According to the senior officer, an example of Saddam's desperation came today with the 3 rd ID at a bridge near Najaf when Republican Guard forces — he said he believed they were from the Nebuchadezzer Division — put women and children out in front of them and were shooting at U.S. forces from behind the cover of the civilians. When one woman tried to move aside, she was shot in the back and fell into the river (a U.S. solider apparently rescued her). "The regime has inflicted more casualties on its own people in the last couple days than any errant bombs of ours."
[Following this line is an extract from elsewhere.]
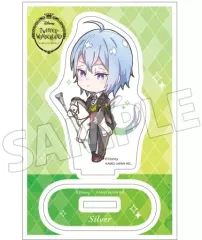 【中古】アクリルスタンド・アクリルパネル シルバー きゃらくてぃぶ アクリルスタンド 「ディズニー ツイステッドワンダーランド」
Going forward, this officer warned against traditional ideas of how the battle may progress. "If youre looking for a big, World War II-like push to Baghdad, I'm not sure you'll see it. This plan is about pressure and nuance and subtle pressure." He also said Karbala would get a "a lot of action" in the very near future.

In terms of capabilities, the regime has its up and downs. This officer mentioned one clever thing that Saddam had done to harden his communications system. "He buried fiber optic cables, which made it much more difficult for us to disrupt the system. But now we're getting to those," he said.

When asked why the regime hadn't yet shattered, he admitted it was a good question. In part, he said, "Americans in particular have a hard time I think fully comprehending a totalitarian regime that terrorizes its own people and has established a system on control that recalls the Nazis and Stalinist Russia. It is hard for us to understand that a general like myself would be out in the field commanding an army because my family was being held hostage and threatened with death. All of it — human shields, execution squads — we have a very hard time understanding that. There are a number of people who have everything to lose of this regime goes. That goes a long way to understanding the resiliency of the regime."

But he also admitted that the huge propaganda effort that has included tens of millions of leaflets and constant radio barrages has not been as successful as the coalition would have liked. And though he admitted that POWs and locals had not made reference in interviews by coalition forces to the West's abandonment of the anti-Saddam forces in 1991, this senior officer, who was in Northern Iraq in 1991, thinks it has played a huge role in keeping the population from quickly supporting the coalition. "What we didn't do is coming back to haunt us," he said bluntly.

The hunt for WMD goes on, but he says the priority at this time is the military campaign. But he did say "there are ominous signs on the battlefield" that regime has plans to use bio/chem. weapons. "Our forces continue to find chemical protection suits, gas masks and atropine. And we've found a lot more than were comfortable with."